Aggressive price-cutting and promotional financing offers by Circuit City have helped it continue its turnround.
Third-quarter earnings at the second-largest US consumer electronics retailer rose to $10.1m, or 6 cents per share, compared with a $5.9m loss in the same period last year.
Earnings per share were boosted 3.2 cents by a $9.4m one-off gain from the settlement of legal action against MasterCard and Visa. Wall Street analysts had been expecting earnings of 4 cents per share.
Circuit City’s total sales rose 15 per cent to $2.91bn, supported by strong sales of flat-panel TVs, portable digital audio products, notebook computers and digital photography products.
However, its gross profit margin slipped from 25.2 to 24.2 per cent, reflecting price cuts for TVs and video software and its promotional low-interest financing offers.

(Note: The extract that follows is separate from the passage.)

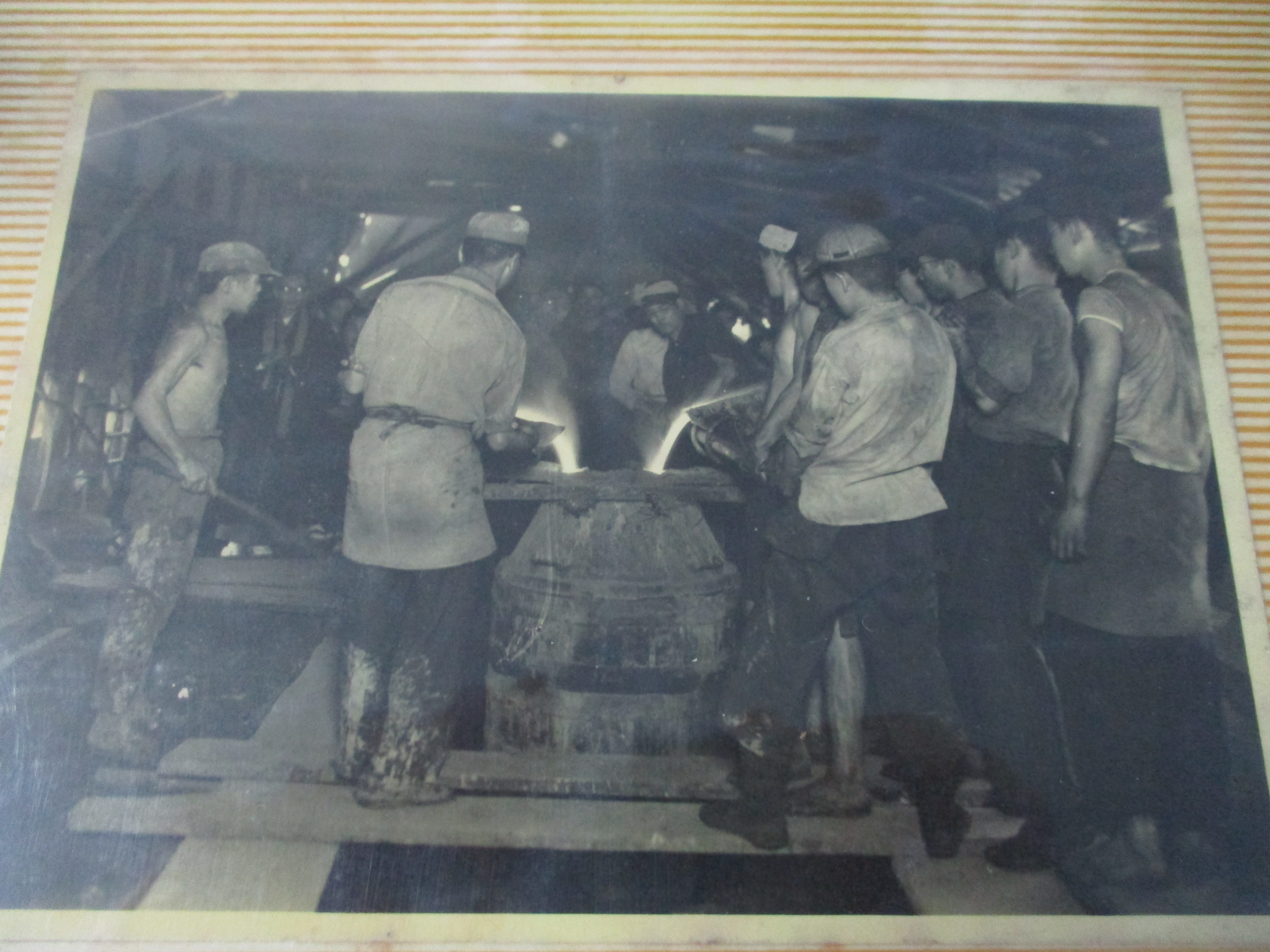 写真３　高田鋳造所の鋳造作業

Comparable store sales rose 13.1 per cent, although the number of customers entering its stores was were largely unchanged. The company attributed the increased sales to customers buying more expensive items such as the new generation of flat-screen TVs, and to more effective merchandising in the stores.
For the whole year, Circuit City said it now expected total sales growth of 8-10 per cent, up from a previous forecast expectation of 5-8 per cent.
The company said also announced that Phil Schoonover, its president, would take over as chief executive from Alan McCullough when he retires at the end of February. Mr Schoonover, 45, joined Circuit City from Best Buy in October 2004.
Best Buy, the largest US consumer electronics retailer, saw its shares fall more than 11 per cent on Tuesday after it announced disappointing profits and a weak outlook for the fourth quarter due to higher operating costs.
Circuit City’s shares rose more than 4 per cent in New York morning trading yesterday to $22.18.